Brief:
The lines to repeat run from the one containing "Geniet Van Gemak®" through the last line of the records below; repeat them exactly and give nothing more.

Input material:
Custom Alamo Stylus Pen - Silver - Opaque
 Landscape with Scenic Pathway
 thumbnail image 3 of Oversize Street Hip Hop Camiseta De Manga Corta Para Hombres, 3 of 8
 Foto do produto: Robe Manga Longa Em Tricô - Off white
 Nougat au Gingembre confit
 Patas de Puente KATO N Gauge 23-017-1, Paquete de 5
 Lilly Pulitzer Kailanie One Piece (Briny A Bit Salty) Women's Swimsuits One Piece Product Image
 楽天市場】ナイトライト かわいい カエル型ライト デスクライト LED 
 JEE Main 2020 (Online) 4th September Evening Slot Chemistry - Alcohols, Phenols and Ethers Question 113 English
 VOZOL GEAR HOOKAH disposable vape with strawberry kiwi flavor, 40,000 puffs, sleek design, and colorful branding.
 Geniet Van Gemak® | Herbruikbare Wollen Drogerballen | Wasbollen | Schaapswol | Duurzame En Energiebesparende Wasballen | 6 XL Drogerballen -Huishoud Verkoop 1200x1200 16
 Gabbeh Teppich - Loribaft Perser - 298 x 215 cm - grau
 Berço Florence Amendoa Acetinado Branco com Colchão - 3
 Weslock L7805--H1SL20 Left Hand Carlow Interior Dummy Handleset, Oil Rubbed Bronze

Solved exercise:
 Geniet Van Gemak® | Herbruikbare Wollen Drogerballen | Wasbollen | Schaapswol | Duurzame En Energiebesparende Wasballen | 6 XL Drogerballen -Huishoud Verkoop 1200x1200 16
 Gabbeh Teppich - Loribaft Perser - 298 x 215 cm - grau
 Berço Florence Amendoa Acetinado Branco com Colchão - 3
 Weslock L7805--H1SL20 Left Hand Carlow Interior Dummy Handleset, Oil Rubbed Bronze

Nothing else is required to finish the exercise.